I'm not sure I understand your reply. What european letters? I'm in
the US and the people who received the email were in the US too. The
problem was not in the copy to self folder (it was shown correctly
there) but in the email as the people who received it viewed it.

E.
 
 
 

Question about incorrect characters

Post by Robert Pyz » Tue, 10 Feb 2004 23:21:27


Tomas

I'm Poland users of PM. A have polish letters in 'copies to self"
folder. Polish users of PM change *.r files for code page ISO 8859-2
(our standard). We use this compiled *.r file.
http://www.yqcomputer.com/ ~sapi/pmail/konw_tab.zip
From this page (polish only, sorry)
http://www.yqcomputer.com/ ~sapi/pmail/pegasus_faq_pl
Maybe you can change files wpm-lmtt.r i wpm-char.r for your language.
P.S. At point 15 this WWW you have two e-mails, try ask they people for
non-compiled *.r files for ISO 8859-2, for sample for you.


--
Robert Pyzel r p y z e l @ g a z e t a . p l (remove BezSpamu )
 
 
 

Question about incorrect characters

Post by J. David B » Wed, 11 Feb 2004 02:59:57

On Sun, 08 Feb 2004 18:31:08 GMT in article
< XXXX@XXXXX.COM >, EA wrote...

Were they quotation marks or "typographic quotation marks" (a.k.a. "smart
quotes" or "curly quotes")?



If you sent typographic quotation marks, e.g., those produced on a Windows
system by entering ALT+0147 and ALT+0148 on the keyboard or by pasting from MS
Word, then this is quite possible, because...



...ISO-8859-1 does not have typographic quotation marks in its character
repertoire. See, for example:

http://www.yqcomputer.com/ ~jkorpela/chars.html#win

...which says, in part:

In ISO 8859-1, code positions 128 - 159 are explicitly reserved for control
purposes; they "correspond to bit combinations that do not represent graphic
characters". The so-called Windows character set (WinLatin1, or Windows code
page 1252, to be exact) uses some of those positions for printable
characters. Thus, the Windows character set is not identical with ISO
8859-1.

[...]

In the Windows character set, some positions in the range 128 - 159 are
assigned to printable characters, such as "smart quotes", em dash, en dash,
and trademark symbol. Thus, the character repertoire is larger than ISO
Latin 1. The use of octets in the range 128 - 159 in any data to be
processed by a program that expects ISO 8859-1 encoded data is an error
which might cause just anything. They might for example get ignored, or be
processed in a manner which looks meaningful, or be interpreted as control
characters.



I suspect that the Netscape e-mail client is treating the Content-type header
strictly and so is displaying question marks for the reserved ISO-8859-1
character encodings as an indication of error.

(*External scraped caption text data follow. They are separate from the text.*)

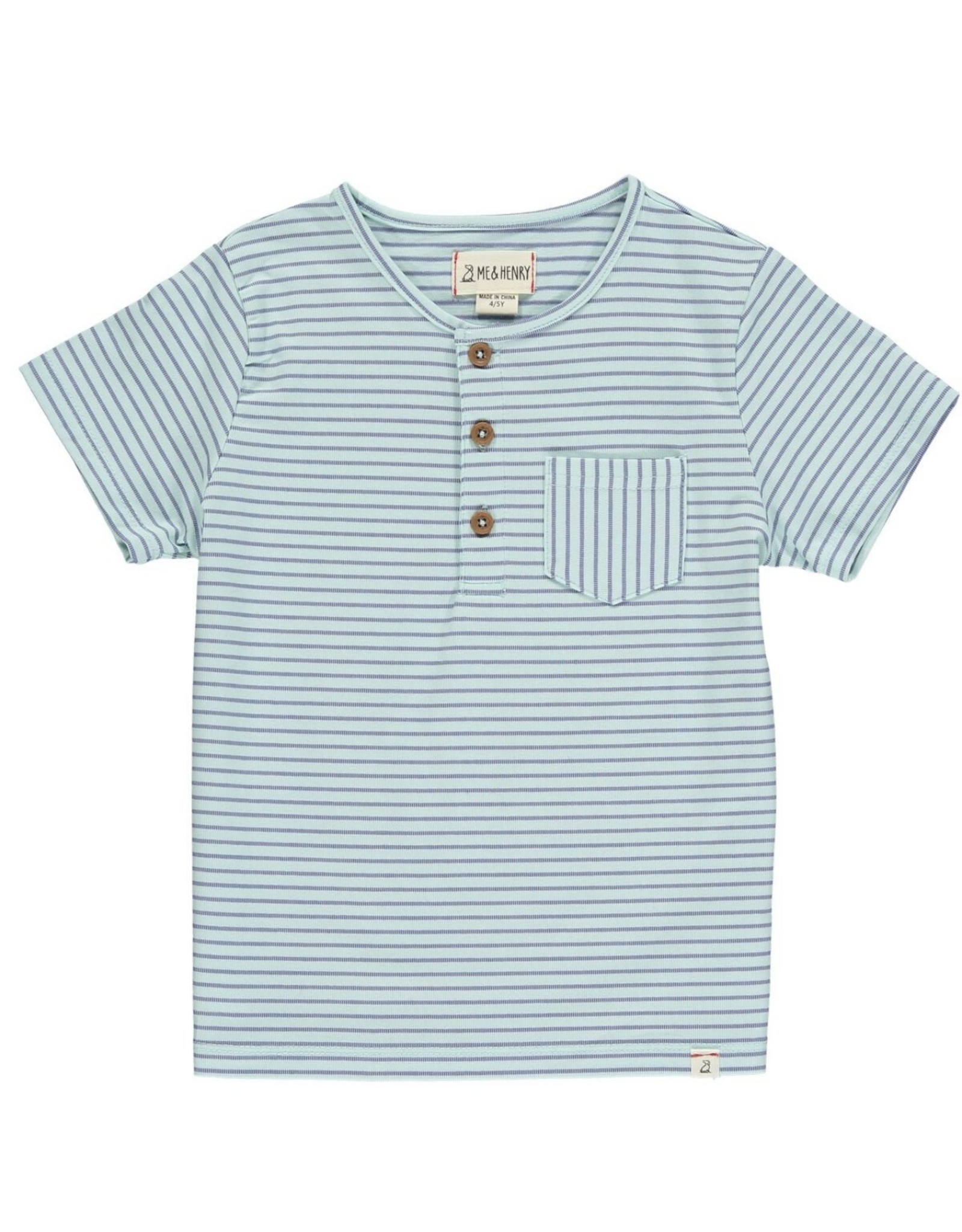 Me & Henry Me & Henry- Dodger Henley: Royal/Aqua Stripe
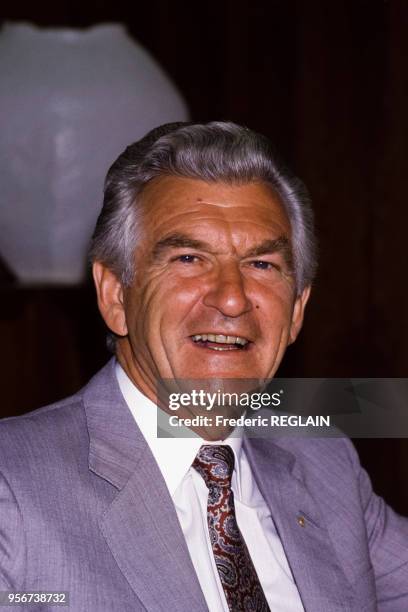 Bob Hawke, premier ministre australien, à Canberra en février 1988, Australie.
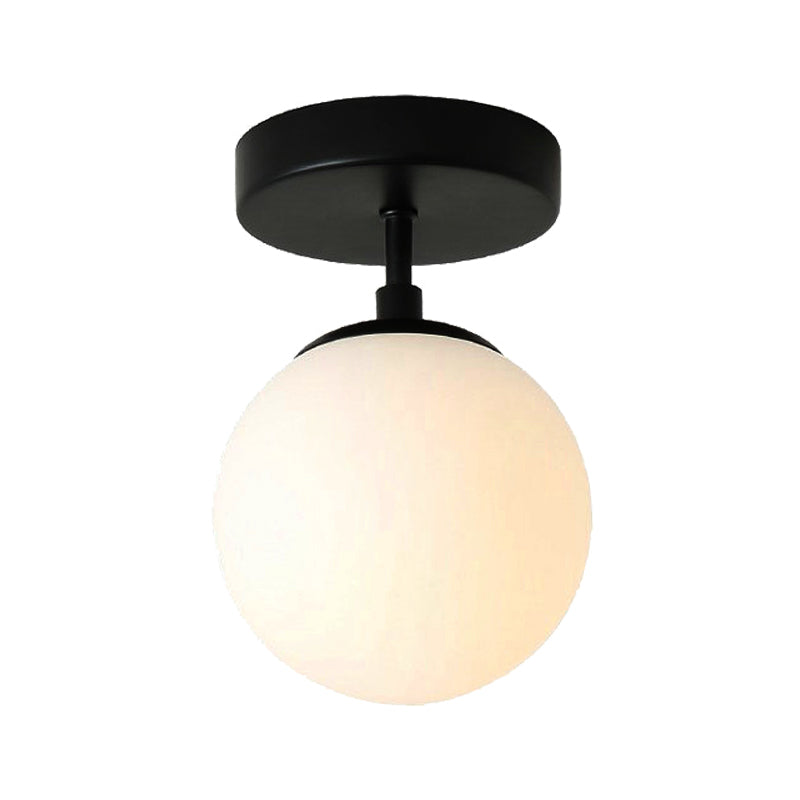Minimalist Semi-Flushmount Brass/Black Close To Ceiling Light With Frosted Globe Glass Shade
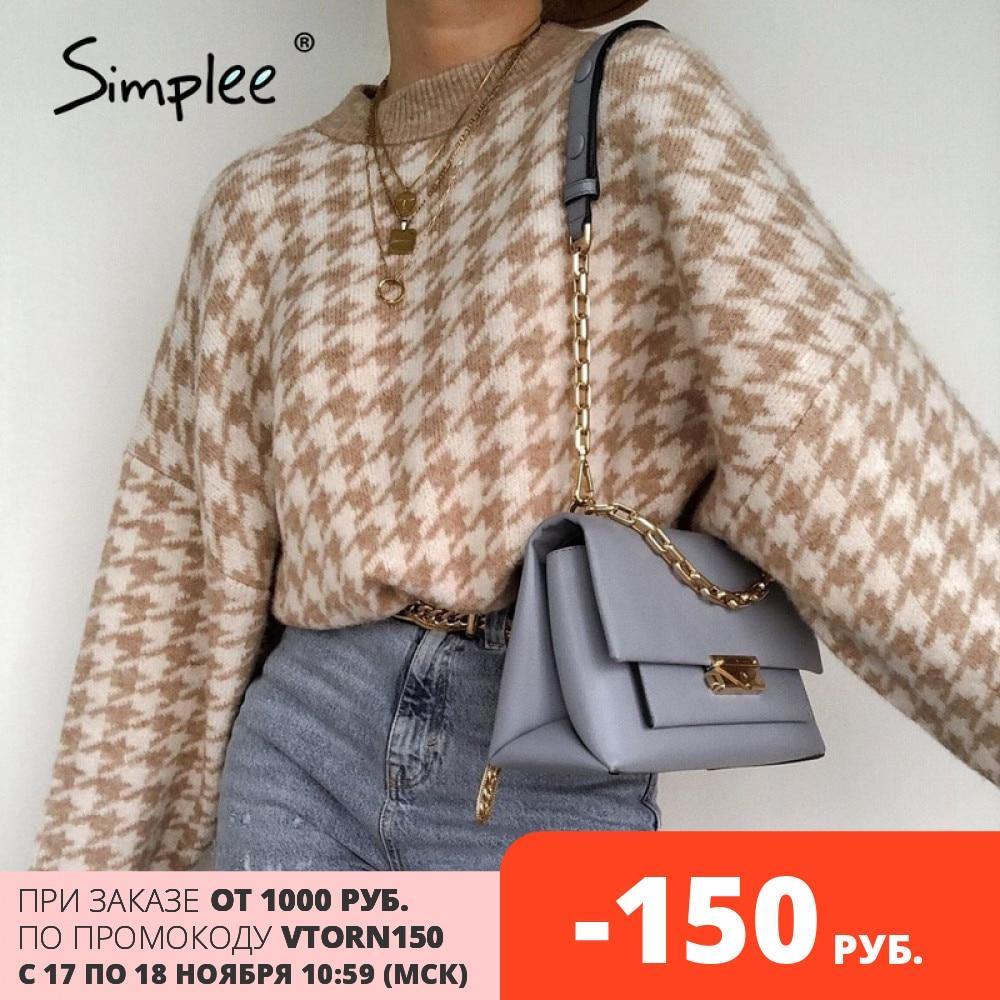 Simplee Women geometric khaki knitted sweater women casual Houndstooth lady pullover sweater female Autumn winter retro jumper - souvikdeysample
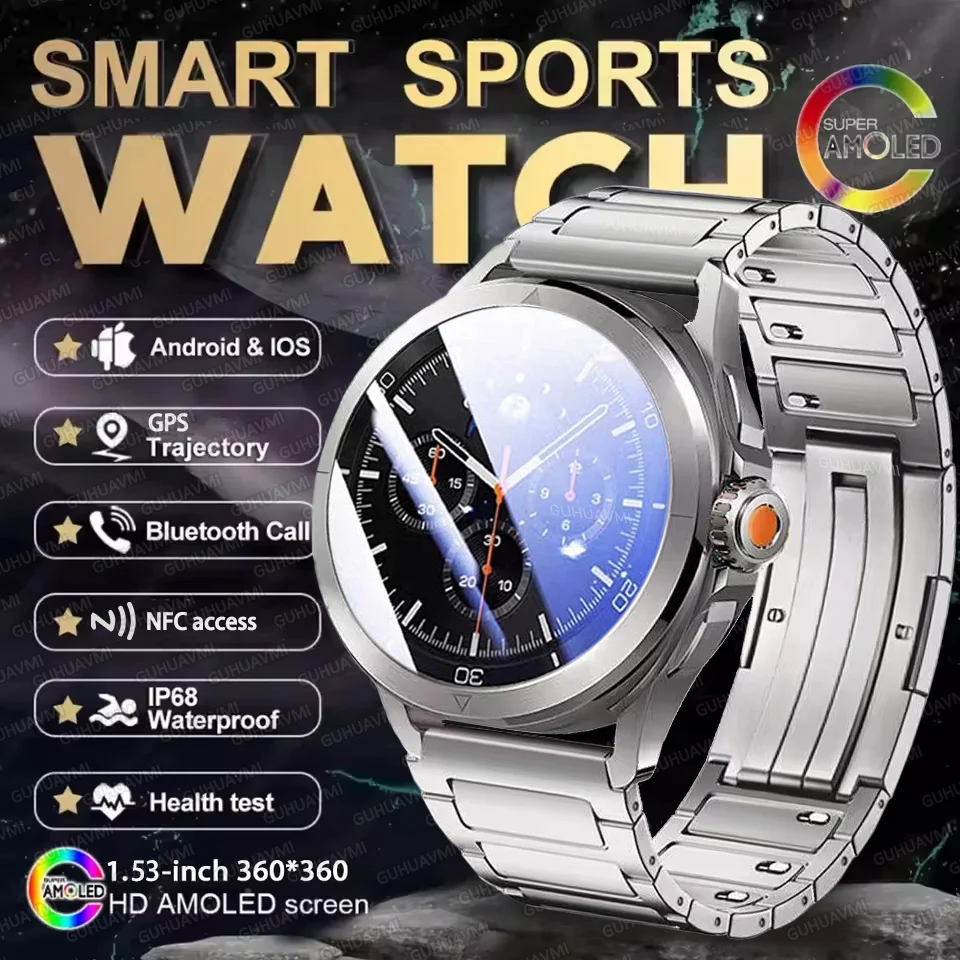 

2025 New GPS Sports Smart Watch Men AMOLED HD Screen NFC Compass Heart rate Waterproof Fitness Bluetooth Call Woman Smartwatch
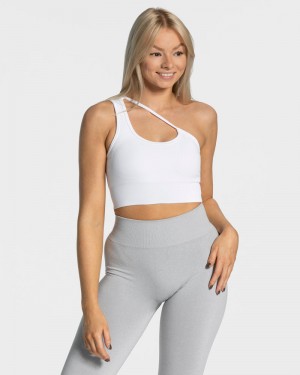Dámské Sportovní Podprsenka Teveo Sassy One Shoulder Bílé | EOB-9039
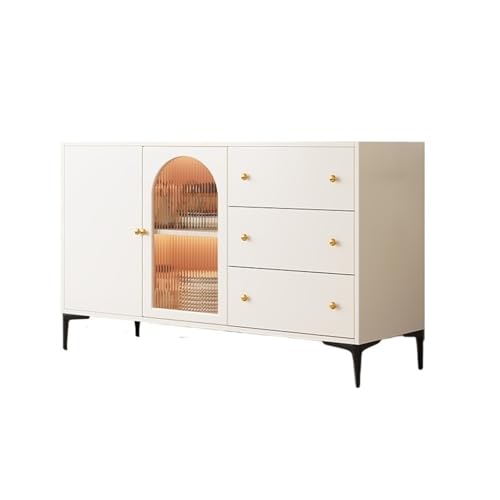 FZL02068LM Gabinete de Cocina Aparador de Madera Sencillo con cajones Cristal Integrados. Armario adosado a la Pared for almacenaje en Cocina Muebles De Comedor(Pequeño)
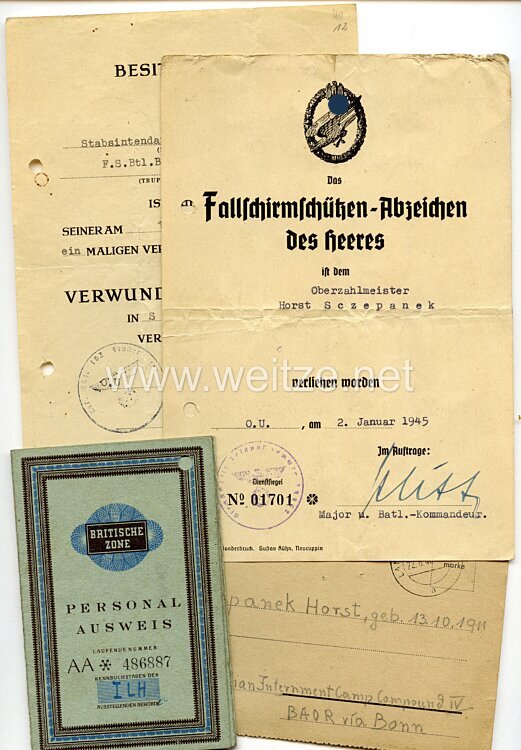 Fallschirmschützenabzeichen des Heeres - Verleihungsurkunde und mit weiteren Dokumenten Bild 2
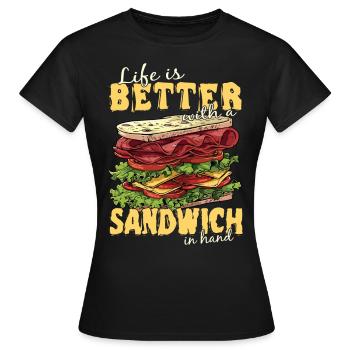 Sandwich Sandwich Snack Célébration - T-shirt Femme - noir - Devant - AI Model Female 172 dark (172cm)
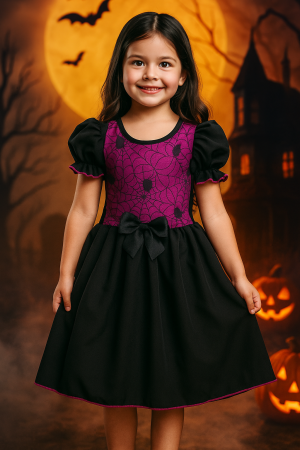 Fantasia Vestido de Aranha Roxa para Halloween – Infantil e Adulto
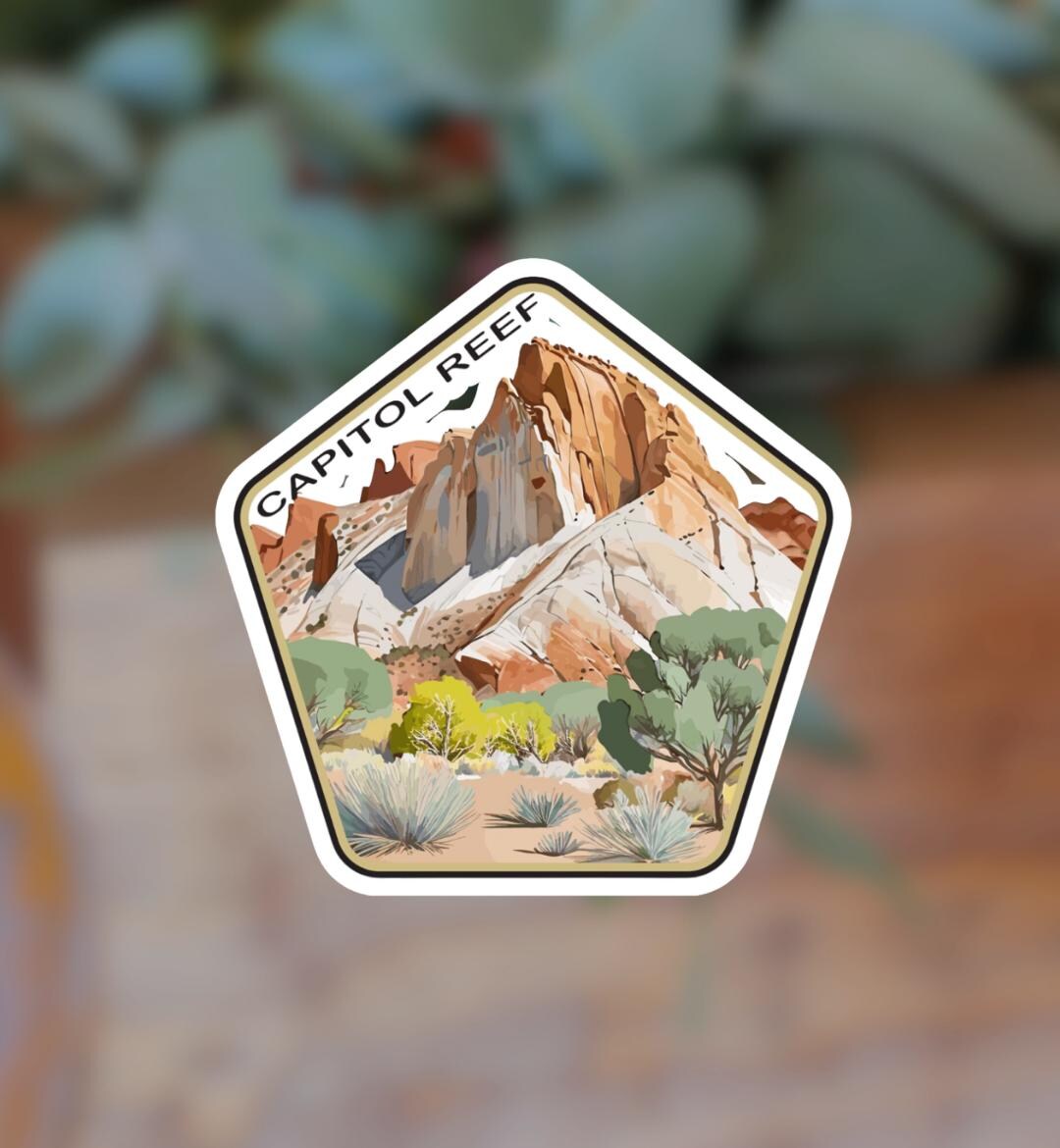 Capitol Reef National Park Vinyl Waterbottle Sticker, Outdoor Adventure ...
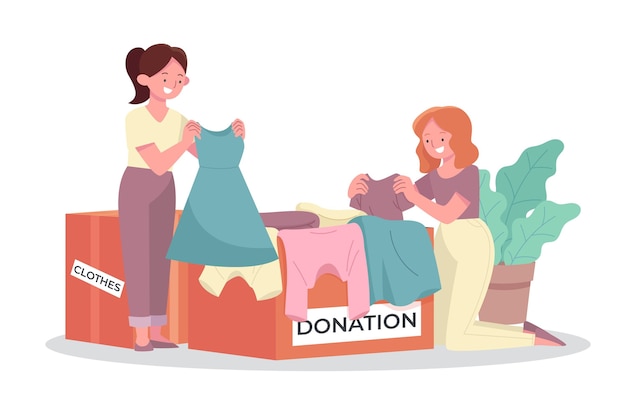 Vector gratuito ilustración de donación de ropa dibujada a mano plana con personas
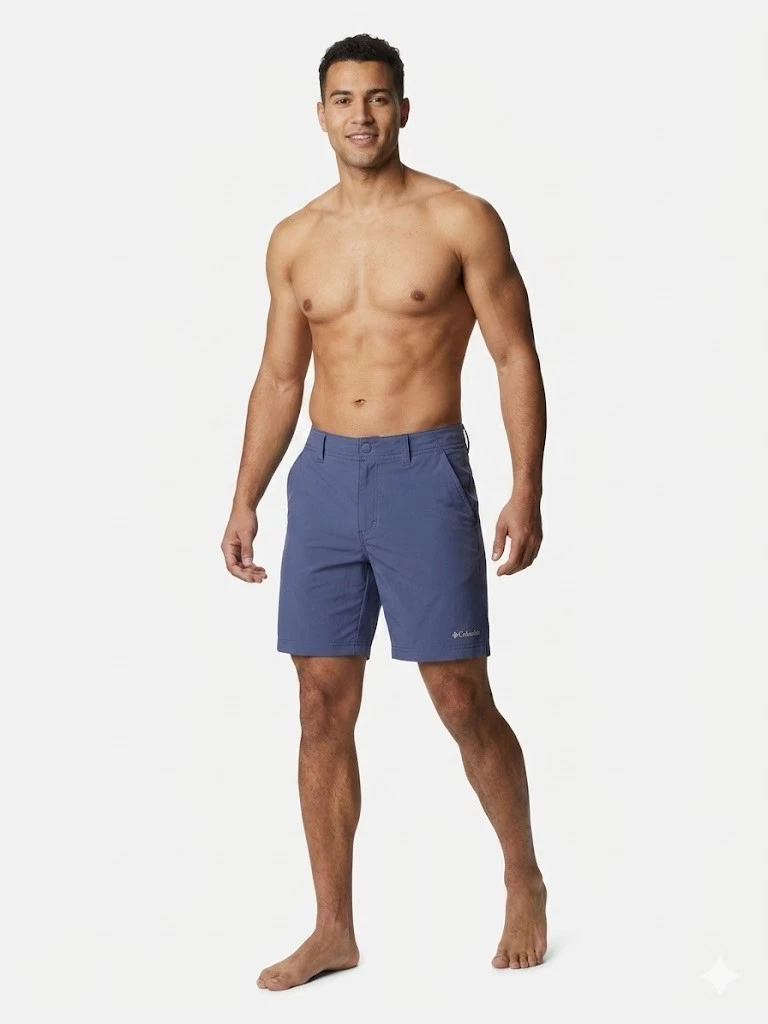 Columbia PFG Mens Shorts 34 Blue Grander Marlin II Fishing Hiking Stretch Water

Pegasus Mail, apparently, does
not, as it will both happily transmit messages containing those character
encodings but labelled ISO-8859-1, as well as display the Windows characters
assigned to those (reserved) positions. This behavior is consistent with the
last sentence quoted above, if less than ideal.



Two correct methods would be:

1. Send the correct "charset" parameter, i.e., the message header should be:

Content-type: text/plain; charset=windows-1252

...but I don't know whether PM can be coerced into doing this.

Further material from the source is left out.